Work instructions –
Starting at the line with "YDS Publishing 7. Sınıf English Up Workbook", retype every remaining line of the records exactly. Do not include pictures.

Source data –
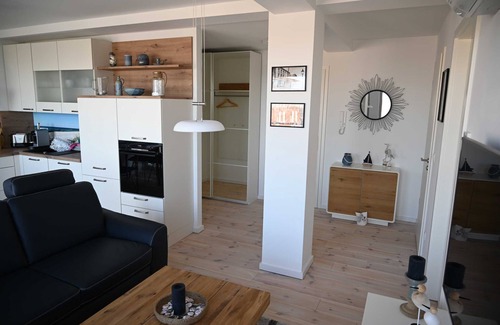 Barth Appartement | Speicherperle, Deutschland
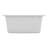 Allardt 34" L Drop-In Kitchen Sink-105697790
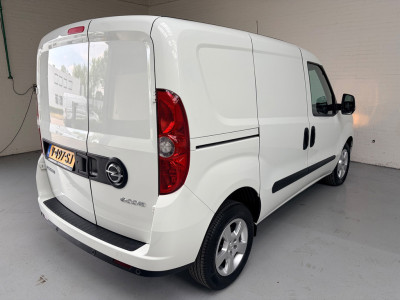 Opel Combo 1.3 CDTi 95PK L1H1 Sport, Airco, CruiseControl, LMV, 1ste eigenaar, Zeer nette bus! RIJKLAARPRIJS! 6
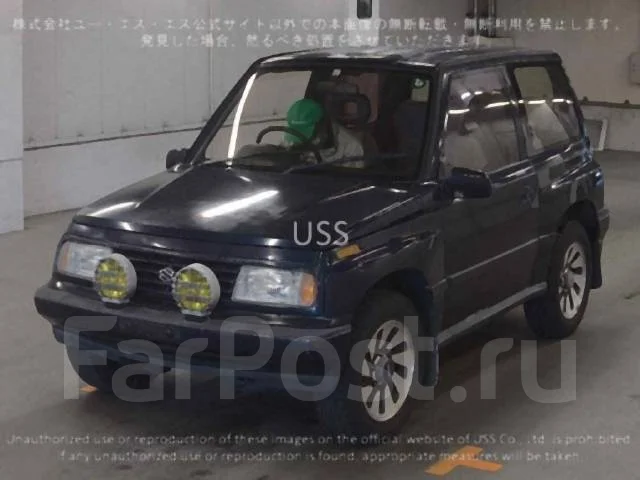 Suzuki Escudo. �������, 4wd, 1.6 (100��.�.), ������, 102 000����. ��, �/�, ��� ���. ��� ����� �� ������������ ����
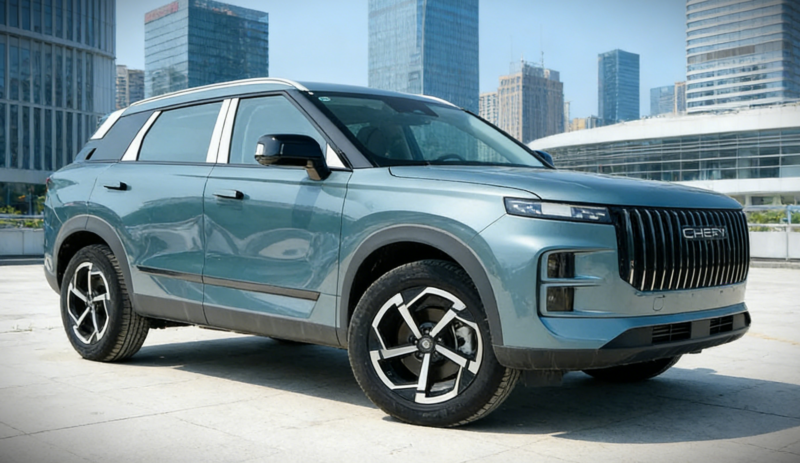 Chery отзывает внедорожники Jaecoo J7 и Tiggo 7 из-за потенциального риска простоя в Китае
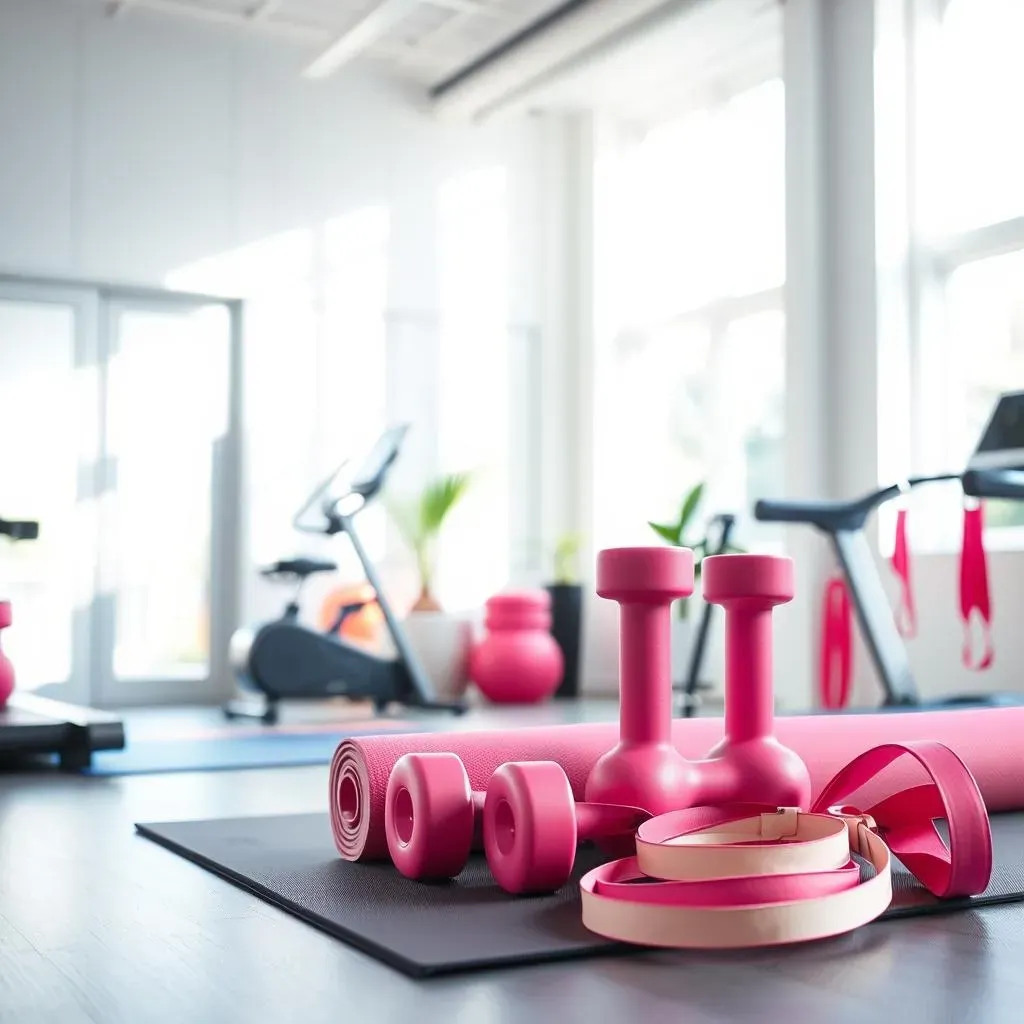 Powerful Pink Home Gym Equipment: Your Ultimate Guide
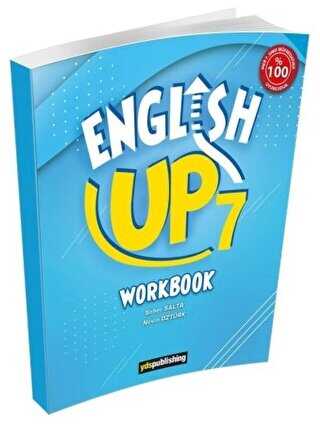 YDS Publishing 7. Sınıf English Up Workbook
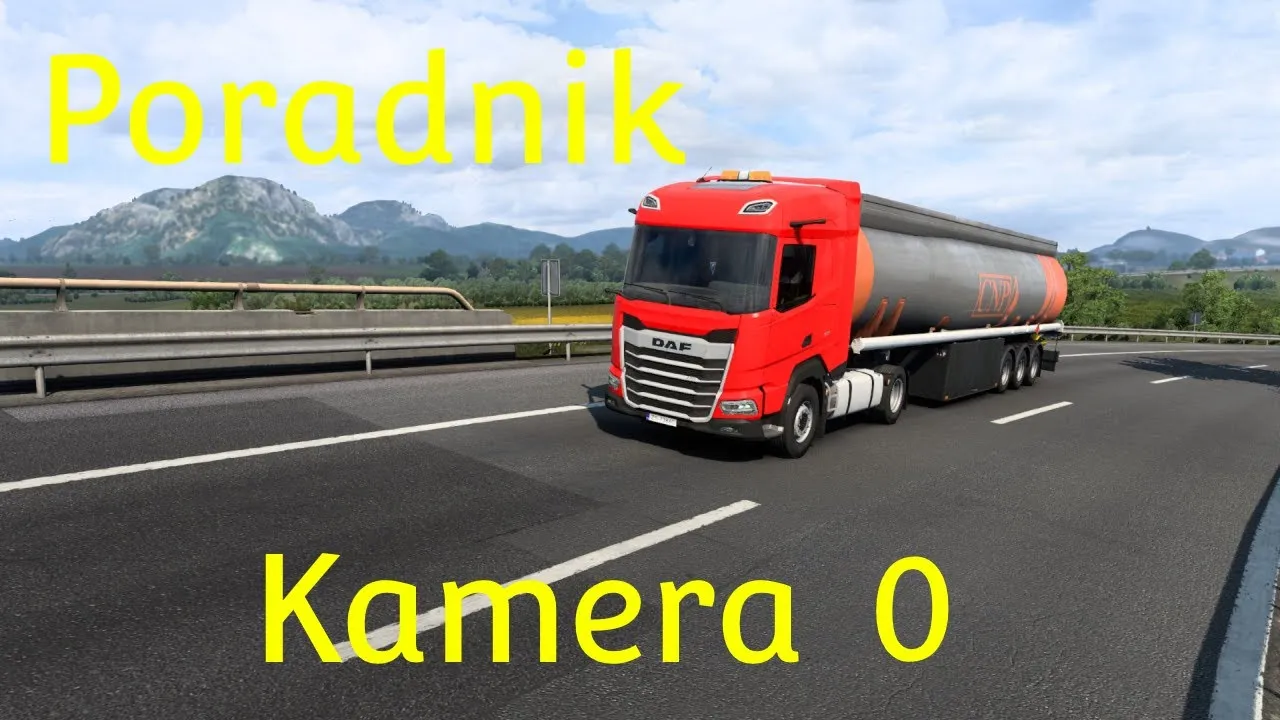 Zdjęcie Jak włączyć konsolę w ETS2 i zyskać pełną kontrolę nad grą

Response to the exercise –
 YDS Publishing 7. Sınıf English Up Workbook
 Zdjęcie Jak włączyć konsolę w ETS2 i zyskać pełną kontrolę nad grą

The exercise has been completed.